Did you find this role to be more challenging than others you’ve had in the past?
Everything kind of has its own challenges. I guess since I don’t have a family [of my own], I had to play the dad. So I think it took me a little while to get into that sort of “dad mentality” because it’s something I haven’t really played before, but yeah, it was challenging. But once I finally kind of clued into “dad mode,” I realized what I needed to bring to the performance.

In Paranormal Activity: The Ghost Dimension, you play Ryan Fleege, father of Leila (Ivy George) and the husband of Emily (Brit Shaw). Do you find there to be any similarities between your character and yourself?
Well, he’s probably a little more serious than I am.
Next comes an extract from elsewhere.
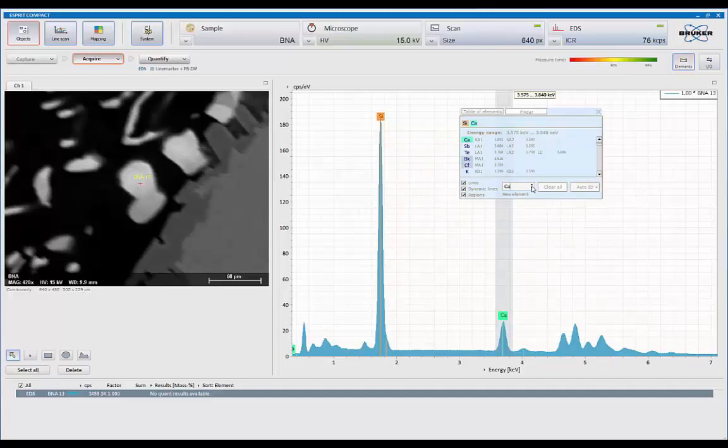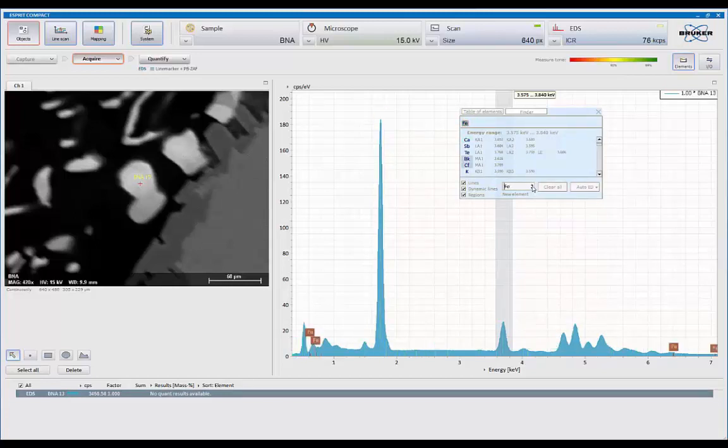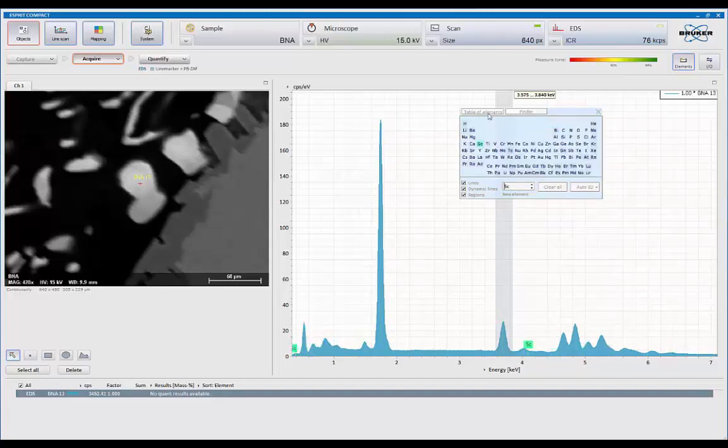You can also, at any point in time, pick up any marker and move it up and down an atomic number, basically following the rules of Mosley's Law. So as we go up and down in energy for a line series, you're going up and down an atomic number.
He’s also doing really well. He’s a quite well-off software designer, and he has a nice big house, but Ryan seems to sort of go towards the disturbances in the house where personally, I would probably go away from them. But I think we are both very curious. So in a way, if something was in my house, I would probably want to get to the bottom of it, especially if it was coming after my family. The father instinct would definitely kick in!

What was it like working with the cast? Did you guys ever pull any scary pranks on each other to lighten the mood from all the heavy acting?
Well, the cast was great! The guy who plays my brother—Dan Gill—is a very funny guy, so we had a lot of fun together. We were so busy, so we didn’t really have time to prank each other, but I remember the first couple nights it started, you know it goes from “everything is fine” to “things start to happen.” Well, the director brought a couple two-by-fours that he clapped together, but we were unaware that there was gonna be any sort of noise, so the first time that happened, everybody jumped pretty good.

Chris Murray Interview

Do you have a favorite memory from the film, either on screen or off?
Well, early in the shoot there was this scene outside where my brother’s trying to get fresh with the actress Olivia Taylor Dudley. I had to come outside and tell him, “Hey, I’m going to bed.” There was a stack of coupons just randomly sitting on the counter, and nobody knew what I was going to do. So I took them out with me, and since he was trying to get fresh, I said, “Hey Mike, you keep getting coupons at the house.” I guess it was just one of those moments where nobody was expecting it to be funny, but it was super hilarious. Kind of like a ‘coupon moment’ where I was trying to kind of kill his vibe with this stack of coupons. So that was a pretty funny moment for me. I was like, “Hey man, you keep getting coupons here!” Anyway, we laughed pretty hard about that one.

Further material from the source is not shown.